Grand County students wade into the science of water
May 11, 2011
As many as 400 students from both East and West Grand schools took part in the inaugural “Watershed Week” program this month to learn about water quality and water management in their communities.
The nonprofit Grand County Water Information Network coordinated with teachers to bring all sixth- through eighth-grade students on field trips to the rivers, to water treatment plants, to diversion system tours, on ranches or at the molybdenum mine.
“No doubt, being at the headwaters we have a special responsibility to our watershed,” said Alex Brooks, watershed program manager of the Grand County Water Information Network who has spearheaded the organization’s education arm during his time as an Americorps Vista volunteer.
Watershed Week “reinforces that responsibility at a young age when students are being introduced to scientific principles.”

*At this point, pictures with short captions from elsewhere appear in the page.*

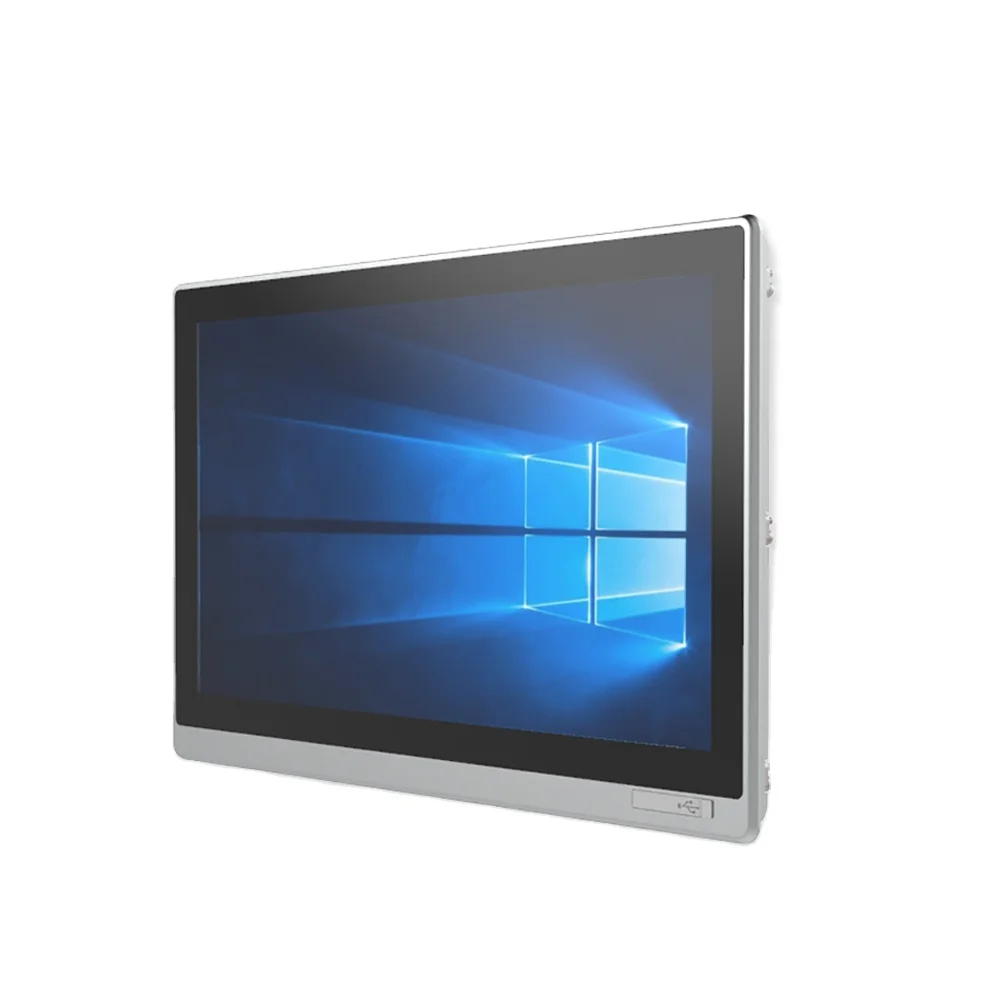 Custom Full HD Waterproof USB Capacitive Touch Industrial Lcd Monitor IP65 Control Panel Industrial Display Embedded PC
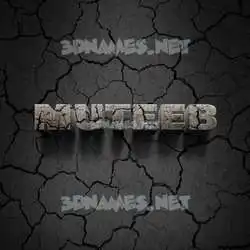 muteeb in Cracked Stone style - 3D name wallpaper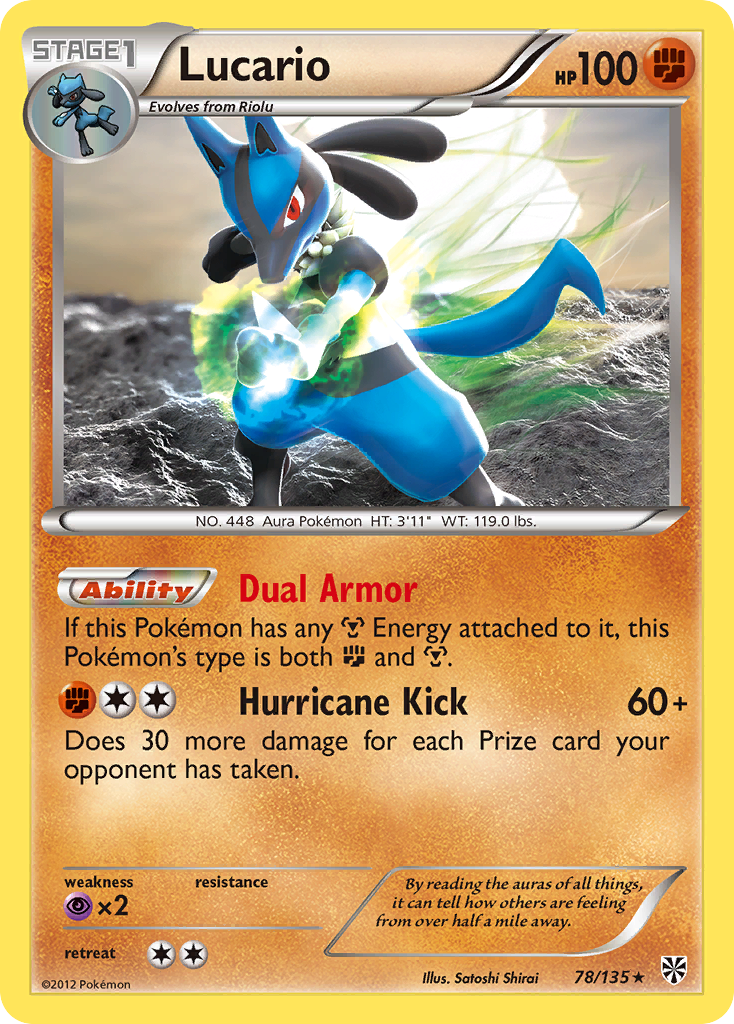 Lucario (78/135) [Black & White: Plasma Storm] | Exor Games Truro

East Grand sixth-graders learned about timely issues such as human impacts on the watershed through water diversions in the Grand Lake area. A representative of the Northern Water Colorado Conservancy District shared information with classes, as well as a member of the Grand Lake Area Historical Society, who talked about Grand Lake’s pre-diversion history. Students also learned how the mountain pine beetle epidemic affects the watershed.

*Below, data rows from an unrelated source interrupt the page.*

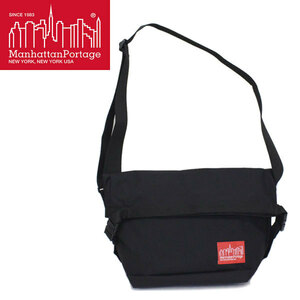 ManhattanPortage ( Manhattan Poe te-ji) 1666 ROLLING THUNDERBOLT MESSENGER BAG messenger bag BLACK MP017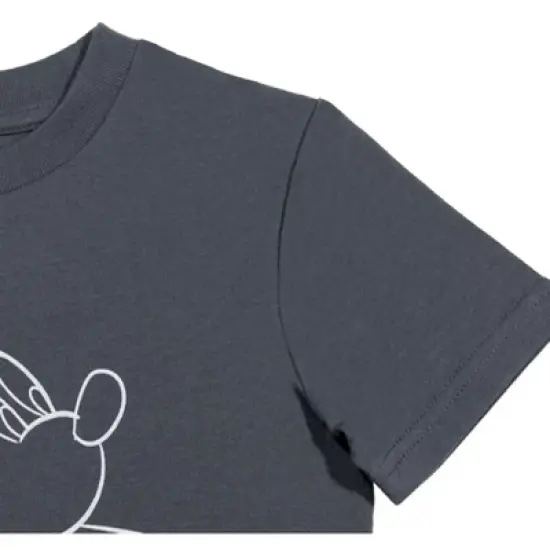 Disney Mickey Mouse T-Shirt and Shorts Outfit Set Grey / Oatmeal  image {8}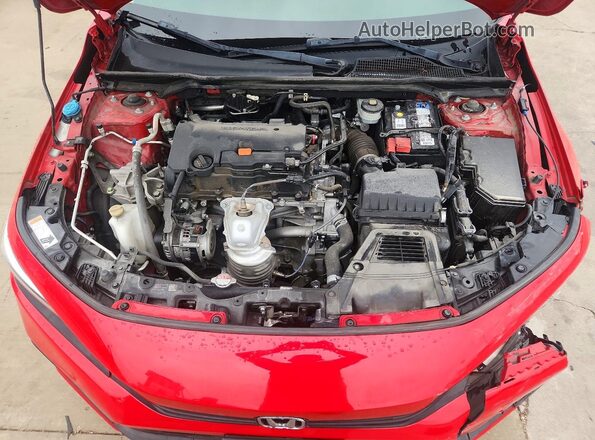 2HGFE2F29NH507936 2022 HONDA CIVIC Red Widok wnętrza z tyłu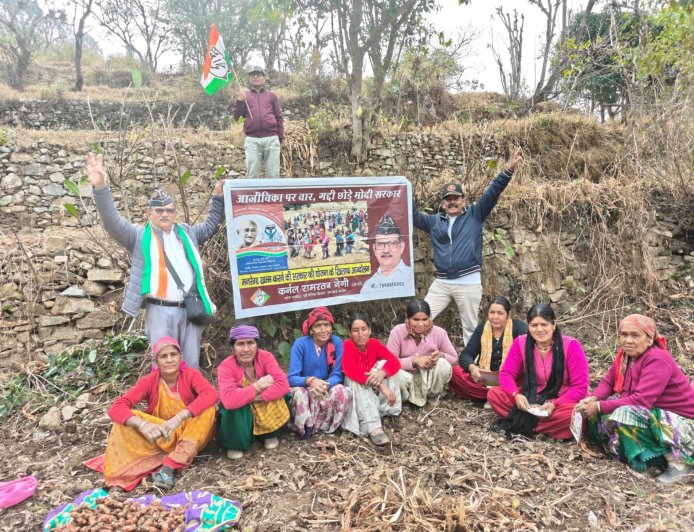 लैंसडाउन विधानसभा में कर्नल राम रतन नेगी की ग्राम जोड़ो यात्रा, लोगों का मिला समर्थन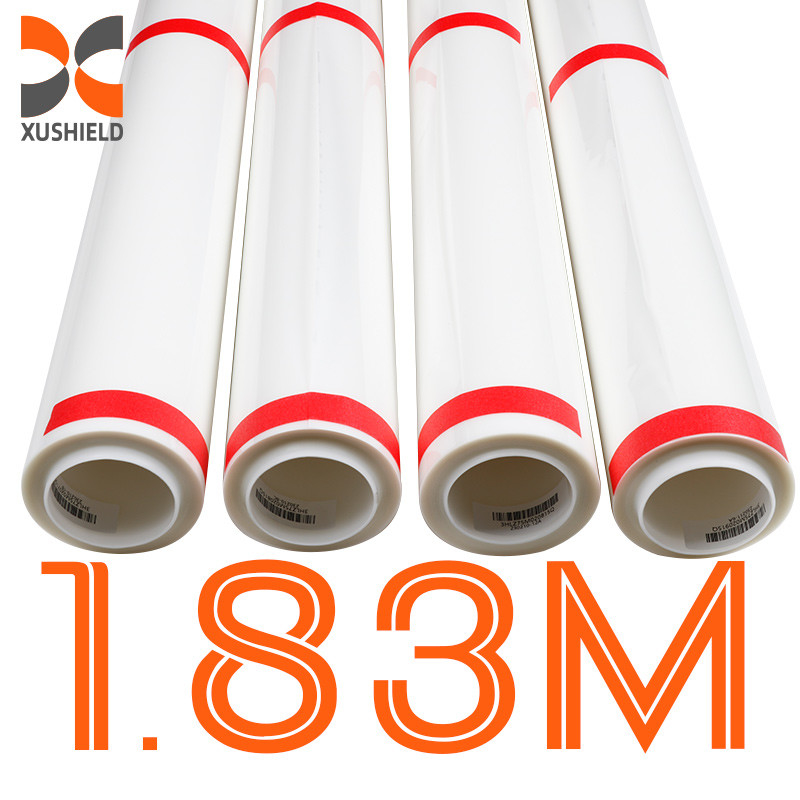 Kích thước 1.83 * 15m 71in * 50ft Hydrophobicity tự chữa lành cuộn chống trầy xước PPF TPU phim bảo vệ xe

“Alex Brooks did a great job bringing in a bunch of different community resources to present to the students what role water plays in Grand County, as well as the rest of the state and region,” said sixth-grade science teacher Marc Loberg of the East Grand Middle School.
“All three days were very beneficial to my students,” said Jake Davis, science teacher of the West Grand PK-8 School. “Each day allowed for a different type of analysis of the Colorado watershed – that being earth science, life science, and physical science.”

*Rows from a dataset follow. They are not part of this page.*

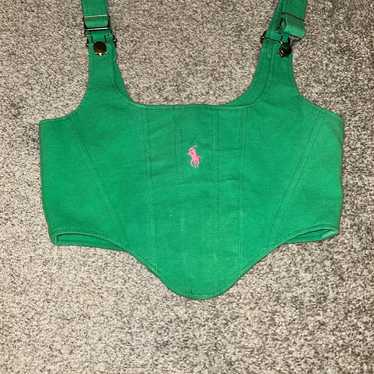 Ralph Lauren polo crop top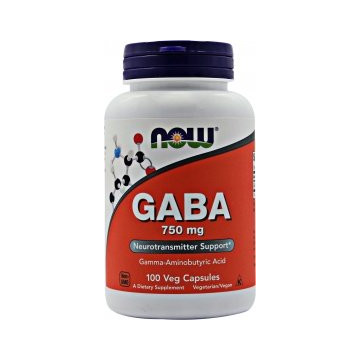 NOW Foods GABA 750mg 100...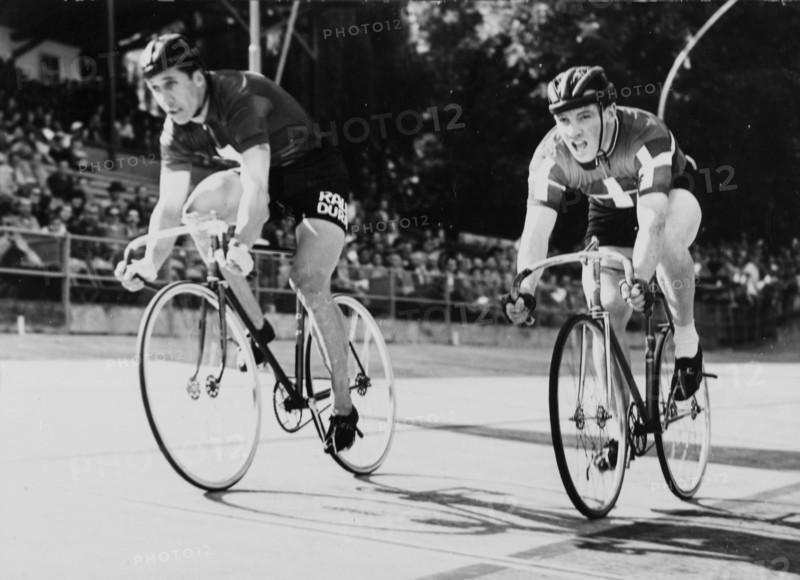 Track race WC Zurich 1953: Oskar Plattner.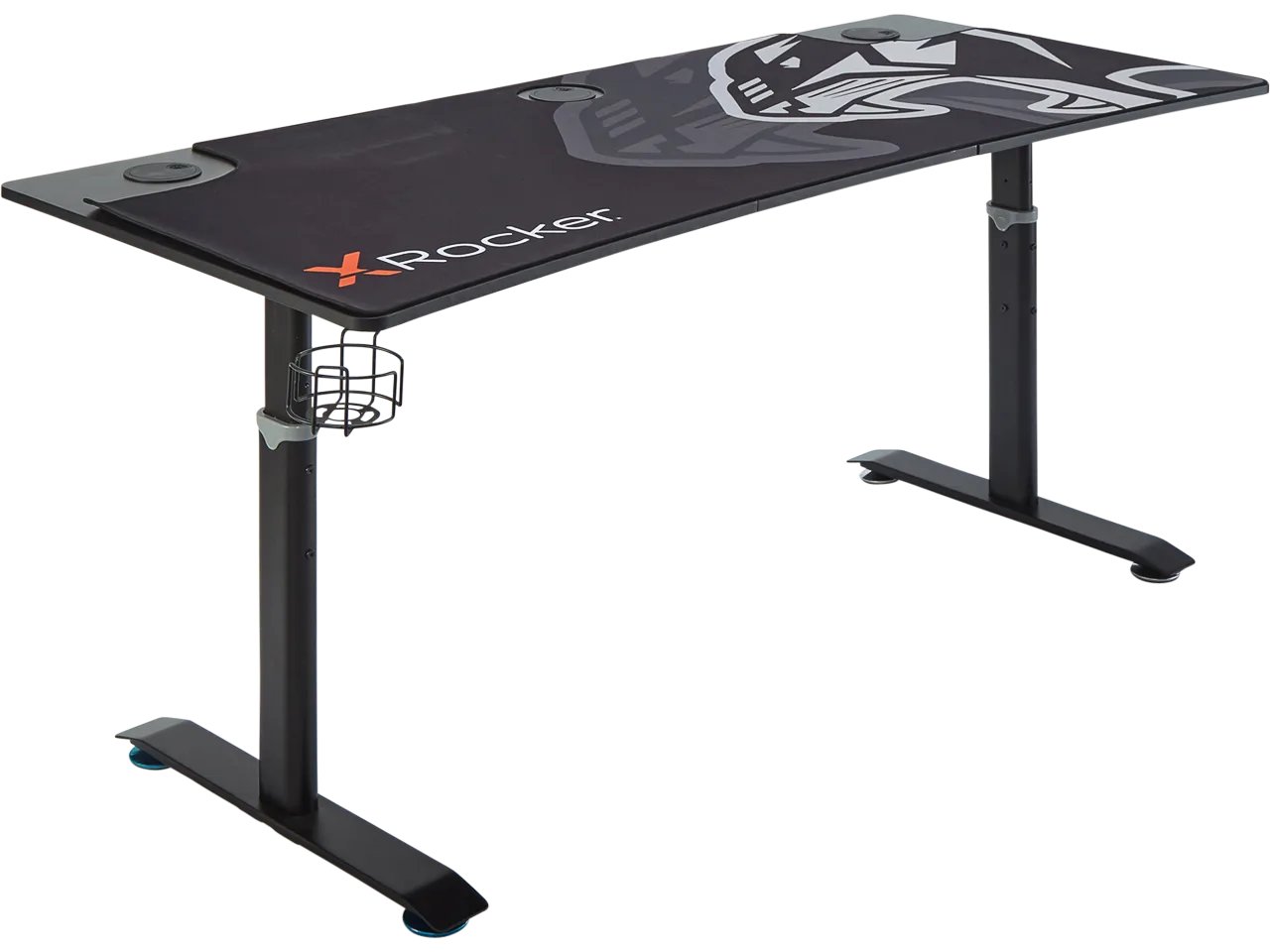 XROCKER COUGAR XL GAMING TISCH GRAU 5136501 verstellbar Aluminium 100kg
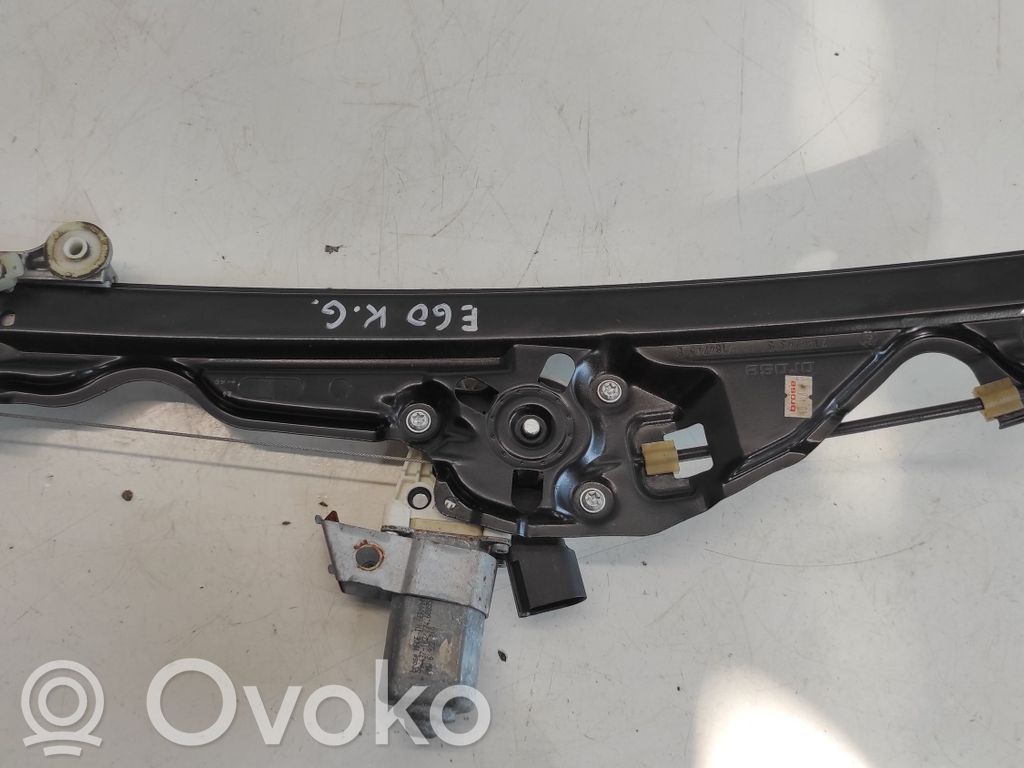 BMW 5 E60 E61 Rear door window regulator with motor 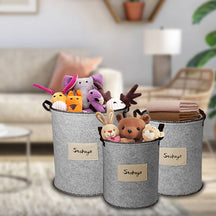 Laundry Hamper and Storage Bin - Set of 3 - Decozen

According to Brooks, the material students learn in the field is meant to coincide with state standards of learning in the classroom.
“This does fit within the science curriculum,” Davis said. “Looking at PH levels and chemical compounds in the river, life around the watershed and impacts humans have on the watershed, both positive and negative.”
West Grand sixth-graders learned how the Climax molybdenum mine has a responsibility to return clean water to the river. The class also conducted snowpack measurements and learned about the mountain pine beetle.
East Grand seventh-graders toured the Fraser Ponds and learned about fish stocking from the Colorado Division of Wildlife and about riparian habitats.
West Grand seventh-graders toured Muddy Creek, sampled bug life in the stream, learned about ranch irrigation, and learned of healthy soils from the Bureau of Land Management.
And eighth graders from East Grand learned how chemistry is used in wastewater treatment at the Granby and Tabernash treatment plants. The classes also did water quality sampling on the Fraser River.
At West Grand, eighth graders toured the Hot Sulphur water treatment plant and did water sampling on the Blue and Colorado rivers. They also learned about the water used at the Climax Mine.
Jane Tollett, executive director of the water information network, hopes the programs become an annual part of school studies.
“Some of these kids had never been on the river,” she said.
By introducing students to their watershed systems, we’re “creating future stewards to look after the area’s natural resources.”
Another school program through the nonprofit “Bug Week” took place earlier in the school year and was targeted to high school biology students.
For both programs, “we wanted (them) to be relevant to their own lives and to the watersheds they’re living in,” Brooks said. “It’s important to maintain their interest all the way through school. To use the world around them to get interested in these topics.”